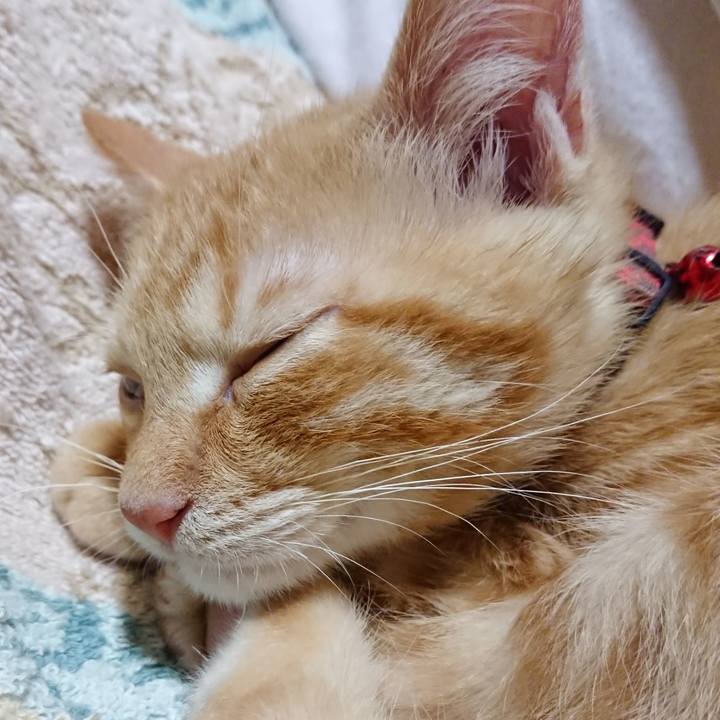 517c6ce4 16be 4d4c 8777 c44de630a723 1632489401608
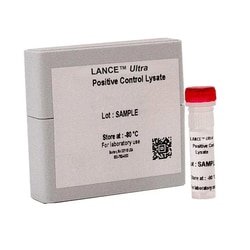 Revvity Health Sciences Inc&nbsp;LANCE <em>Ultra</em> Phospho-SMAD3 (Ser423/425) Lysate
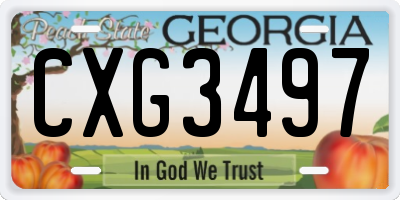 GA license plate CXG3497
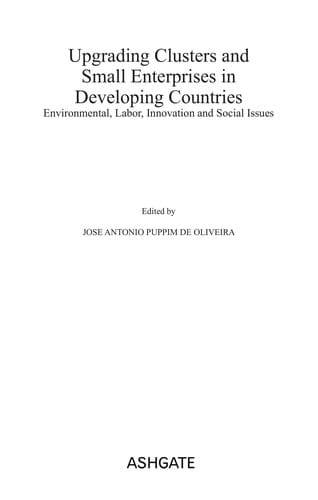Upgrading clusters and small enterprises in developing countries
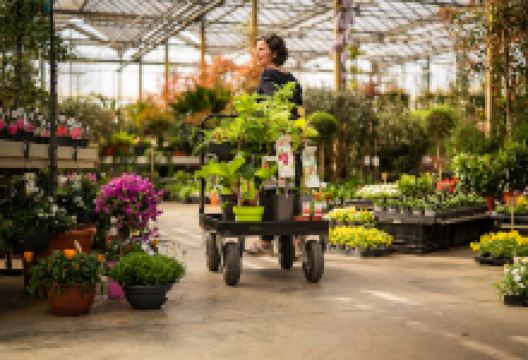 Plantencentrum Van Goidsenhoven cvba购物图片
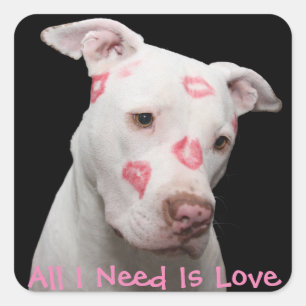 Editable Pitbull Lover Square Sticker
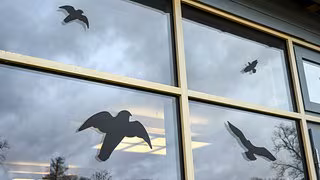 Statt Sticker: Neues Projekt soll V&ouml;gel vor Glasscheiben retten &ndash; und Sie k&ouml;nnen mitmachen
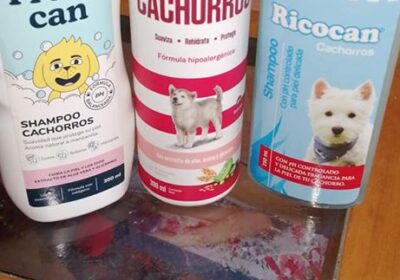 Alimento y Productos para Perros
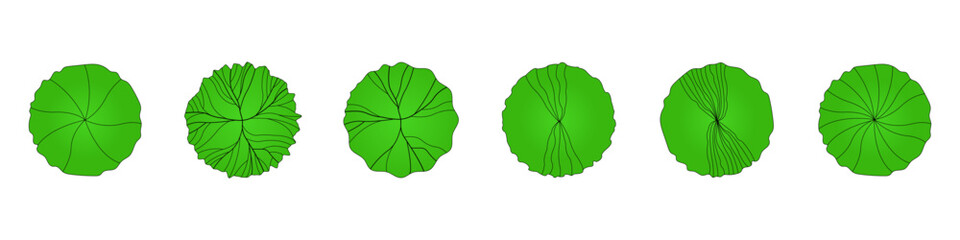 Vector set of deciduous tree top view images for plans, maps, and architectural drawings, isolated on a transparent background.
□ □ □ □ □
**What to do:** Leaving out the pictures, repeat all of the entries exactly.

**Your response:**
 517c6ce4 16be 4d4c 8777 c44de630a723 1632489401608
 Revvity Health Sciences Inc&nbsp;LANCE <em>Ultra</em> Phospho-SMAD3 (Ser423/425) Lysate
 GA license plate CXG3497
Upgrading clusters and small enterprises in developing countries
 Plantencentrum Van Goidsenhoven cvba购物图片
 Editable Pitbull Lover Square Sticker
 Statt Sticker: Neues Projekt soll V&ouml;gel vor Glasscheiben retten &ndash; und Sie k&ouml;nnen mitmachen
 Alimento y Productos para Perros
 Vector set of deciduous tree top view images for plans, maps, and architectural drawings, isolated on a transparent background.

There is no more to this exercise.